Book cover titled "Unstable Aesthetics: Game Engines and the Strangeness of Modding" by Eddie Lohmeyer, featuring a colorful glitch-like design on a black background.

When a game releases, it can take on different forms. Through players’ and artists’ creativity, it can become something that has infinitesimal variations.

This is what digital media assistant professor Eddie Lohmeyer, Ph.D., discusses in his newly published academic book. In “Unstable Aesthetics: Game Engines and the Strangeness of Art Modding,” Lohmeyer investigates historical episodes of art modding practices.

So, what’s art modding? Art modding is the alteration of a game system’s existing code or hardware to generate abstract spaces situated around a recent archaeology of the game engine.

Artists and players work on modifying existing code to a game engine to add assets that disrupt normal game functions and create something completely new in the process.

These modifications, also known as mods, range in scope from texture re-colorings and minor tweaks to complete new environments and experiences as well as complete disruption of system.

The popular game “Skyrim,” for instance, is a rich site for modding material and modding subcultures.

“I’m interested in how certain cultures and subcultures of artists have used and appropriated game engines to disrupt how we would typically play,” said Lohmeyer. “Normal play is based on competition, on reward, on pleasure, on optimizing flow within the game, and so much of my research looks at how artists throughout the decades have subverted that or dismantled those popular operations of play by either making the game unplayable or by altering the graphics in those 3D spaces in such a way that is disorienting, that is disruptive to our normal perception.”

Throughout the 1990s, artists first experimented with game engine technologies to disrupt habitual relationships to video games.

The contemporary artists – Cory Arcangel, JODI, Julian Oliver, Krista Hoefle and Brent Watanabe, among others highlighted throughout the book – were attracted to the architectures of engines because they allowed them to explore vital relationships among abstraction, technology and the body.

Lohmeyer has also modified video games within his own art, which considers the embodied experience through processes of play and defamiliarization. Using deconstructive approaches, such as glitch –physical modifications to hardware and assemblage – his installations stage bizarre encounters with nostalgic media to unveil normal attitudes and perceptions toward technologies.

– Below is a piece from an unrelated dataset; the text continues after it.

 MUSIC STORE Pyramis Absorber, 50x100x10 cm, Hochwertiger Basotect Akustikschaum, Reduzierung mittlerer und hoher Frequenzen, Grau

“I have modified videogames as part of my own art practice,” said Lohmeyer. “Much of my work consists of appropriating existing game technology and subverting it in a way that reveals our habitual relationships with videogames.”

Lohmeyer’s art explores the intersections among body and technology, particularly in how digital media opens participants to novel sensory and perceptual experiences. Through installation, sculpture and video his media interventions reconsider people’s habitual encounters with technologies through new avenues of play and engaging with unfamiliar and uncanny interfaces.

Additionally, his research explores aesthetic and technical developments within histories of digital media, with a particular emphasis on video games and their relationship to traditions of the avant-garde.

Lohmeyer received his Ph.D. from North Carolina State University in Communication, Rhetoric and Digital Media. While he was writing his dissertation, he was planning his book.

Lohmeyer is assistant professor of digital media in the Nicholson School’s Games and Interactive Media (GaIM) program. He came to work at UCF due to its inclusiveness of research practices that integrate forms of art and critical making. He has been at UCF for three years.

Lohmeyer is already thinking about his next book as he hopes to further his research into glitch and glitch aesthetics.